Tierney laughed, finally breaking his stance and burying his hands in J.J.’s red fur. “Good dog.” He glanced up at me, rubbing J.J.’s sides. “J.J., you say? Does it stand for something?”

Another blush. Damn. “James Joyce.”

Tierney turned his pale, twinkling eyes to me. “Irish author. Why does this not come as a surprise?”

“My mom’s not the only one with a thing for Ireland,” I admitted.

“Many Americans seem to cling tightly to their Irish heritage,” Tierney agreed. “It’s quaint.”

“It’s insane,” I said with a laugh. “I’ve never been there, yet it feels like it’s in my blood.”

“Ireland will do that.

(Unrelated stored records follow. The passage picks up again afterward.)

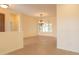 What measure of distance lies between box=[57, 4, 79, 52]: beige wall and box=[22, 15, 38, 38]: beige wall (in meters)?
7.37

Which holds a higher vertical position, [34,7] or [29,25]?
[34,7]

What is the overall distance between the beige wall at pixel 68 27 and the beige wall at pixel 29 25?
7368mm

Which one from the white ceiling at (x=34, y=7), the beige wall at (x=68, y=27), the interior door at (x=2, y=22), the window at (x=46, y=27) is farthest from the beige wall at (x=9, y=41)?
the window at (x=46, y=27)

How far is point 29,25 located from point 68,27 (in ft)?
30.8

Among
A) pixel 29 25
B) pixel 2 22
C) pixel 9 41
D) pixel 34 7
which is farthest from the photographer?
pixel 29 25

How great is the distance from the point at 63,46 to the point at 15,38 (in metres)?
2.22

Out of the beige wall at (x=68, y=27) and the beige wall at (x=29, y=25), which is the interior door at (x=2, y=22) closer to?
the beige wall at (x=29, y=25)

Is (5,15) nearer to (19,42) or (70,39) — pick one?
(19,42)

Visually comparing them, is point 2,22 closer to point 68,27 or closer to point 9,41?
point 9,41

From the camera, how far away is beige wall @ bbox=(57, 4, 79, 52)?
17.4 feet

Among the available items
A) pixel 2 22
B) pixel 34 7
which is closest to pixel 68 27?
pixel 34 7

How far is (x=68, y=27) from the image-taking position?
5.61 metres

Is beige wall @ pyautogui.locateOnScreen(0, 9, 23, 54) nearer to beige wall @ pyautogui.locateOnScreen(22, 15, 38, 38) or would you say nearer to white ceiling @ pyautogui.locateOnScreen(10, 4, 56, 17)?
white ceiling @ pyautogui.locateOnScreen(10, 4, 56, 17) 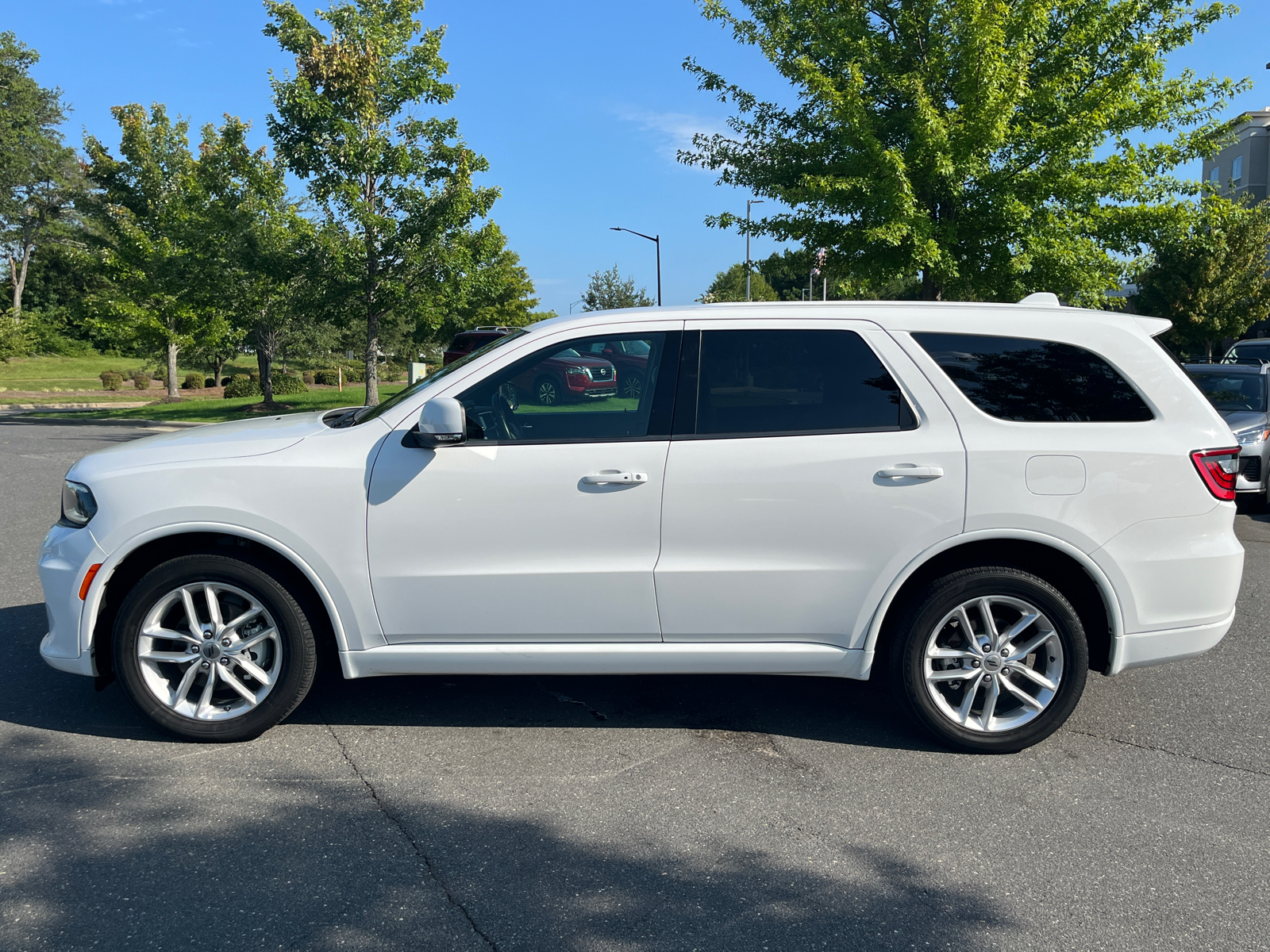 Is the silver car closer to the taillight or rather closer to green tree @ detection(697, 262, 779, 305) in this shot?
the taillight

Among other things.” He made no effort to hide the way his gaze swept over me.

I flushed from tiptoes to hairline. “Come on in,” I said, happy I didn’t sound strangled with embarrassment as I turned my back.

With J.J. at his heels, Tierney followed me into the cottage.

Just inside the open door, Tierney looked around, taking in the stone floors and walls, the sooty ceiling above the stove, and the table that had seen better years. “Well, ’tis a great place you have, Mena McGinty.”

“Thanks.” I opened the fridge to find I was all out of white tea. My money was on a certain little blonde preggo drinking it all; I’d started keeping a steady supply in the fridge for her. “I’ve worked hard to get it lookin’ this nice. It was a bit run-down and dirty when I came along.”

“Feels like a home, doesn’t it?” Tierney flashed another knee-melting smile, and I fought the urge to fan myself.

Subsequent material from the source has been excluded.